Exercise aim: Only the pictures are to be left out; write out the rest of the data exactly.

[Data entries]
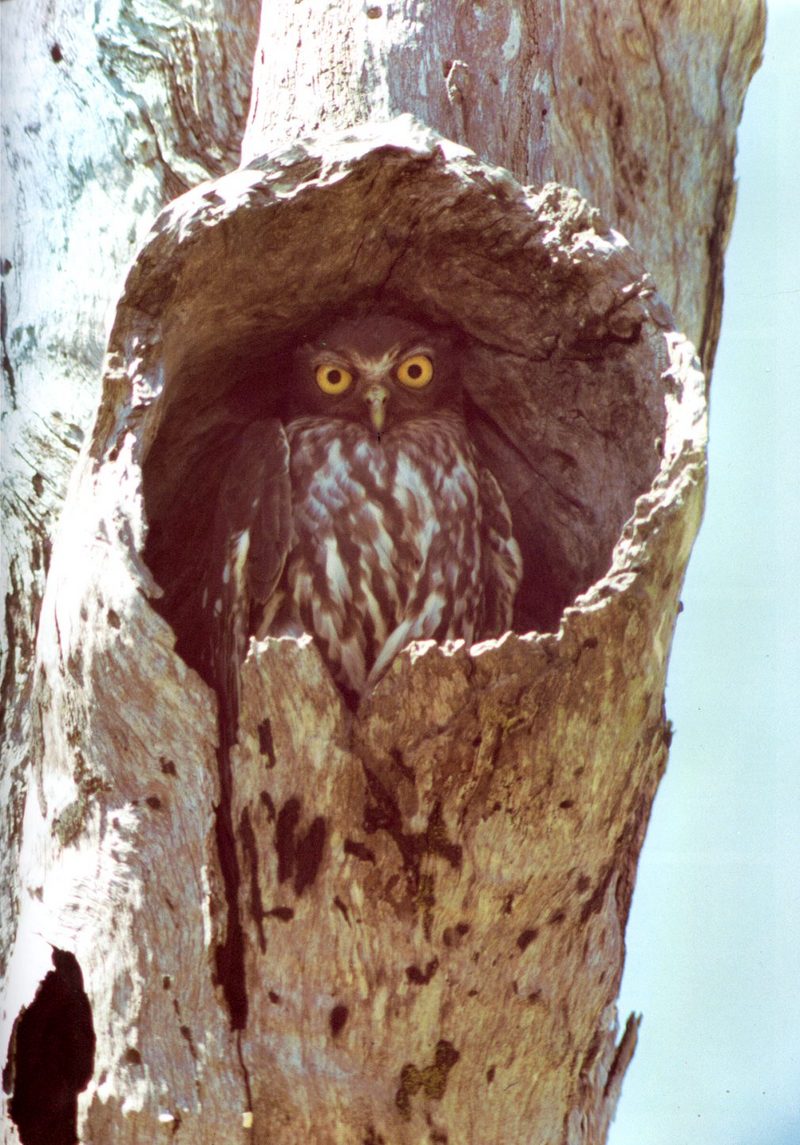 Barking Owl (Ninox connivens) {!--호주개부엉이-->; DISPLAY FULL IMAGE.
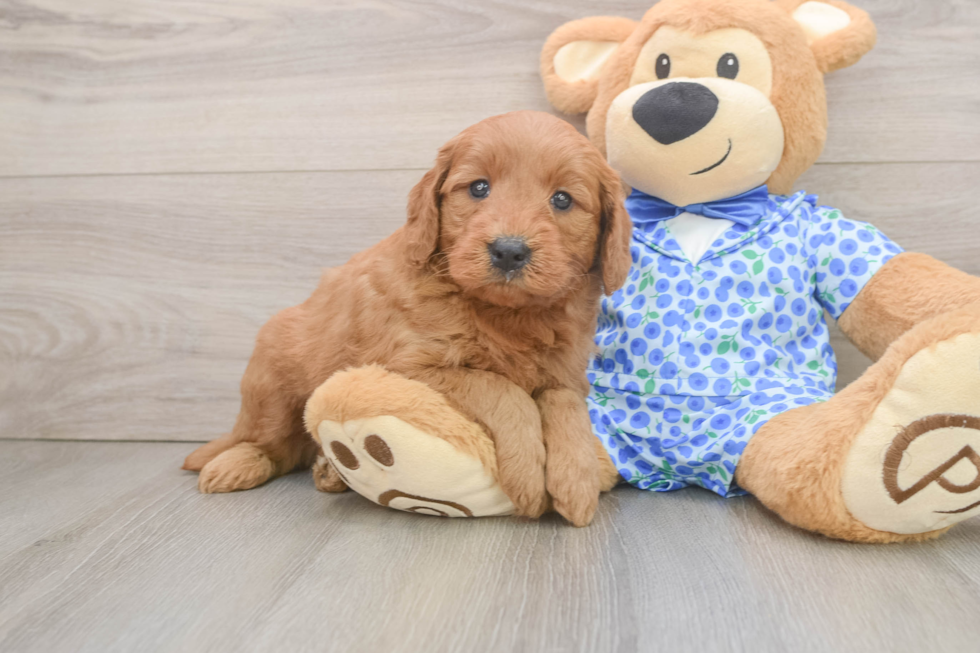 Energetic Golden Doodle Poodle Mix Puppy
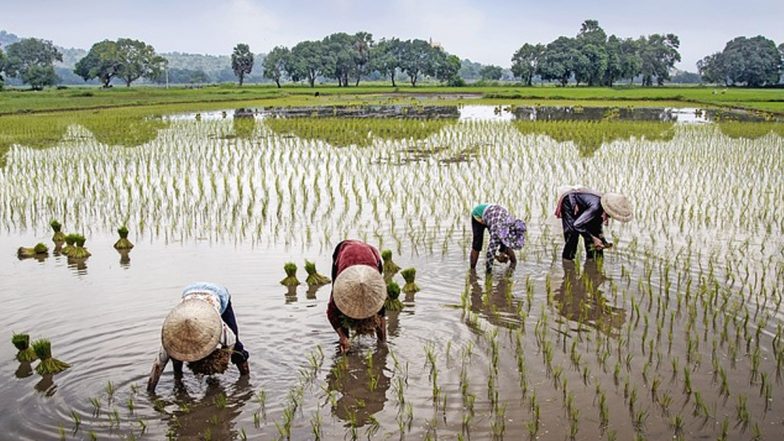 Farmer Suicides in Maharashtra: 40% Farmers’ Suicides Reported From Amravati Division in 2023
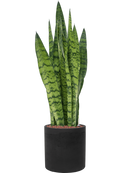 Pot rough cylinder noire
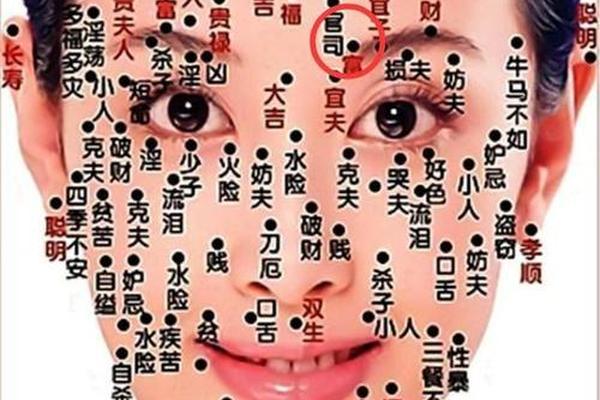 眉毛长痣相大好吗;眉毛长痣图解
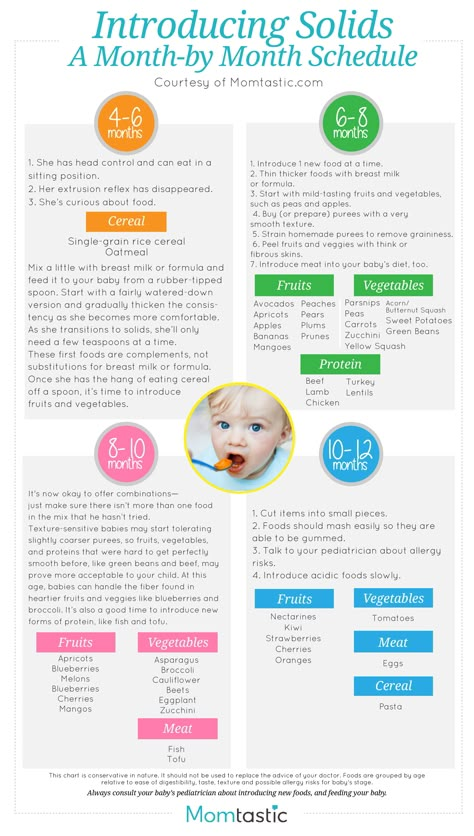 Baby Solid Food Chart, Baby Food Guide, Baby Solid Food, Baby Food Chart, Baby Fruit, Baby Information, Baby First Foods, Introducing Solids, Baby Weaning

Result for this exercise:
 Barking Owl (Ninox connivens) {!--호주개부엉이-->; DISPLAY FULL IMAGE.
 Energetic Golden Doodle Poodle Mix Puppy
 Farmer Suicides in Maharashtra: 40% Farmers’ Suicides Reported From Amravati Division in 2023
 Pot rough cylinder noire
 眉毛长痣相大好吗;眉毛长痣图解
 Baby Solid Food Chart, Baby Food Guide, Baby Solid Food, Baby Food Chart, Baby Fruit, Baby Information, Baby First Foods, Introducing Solids, Baby Weaning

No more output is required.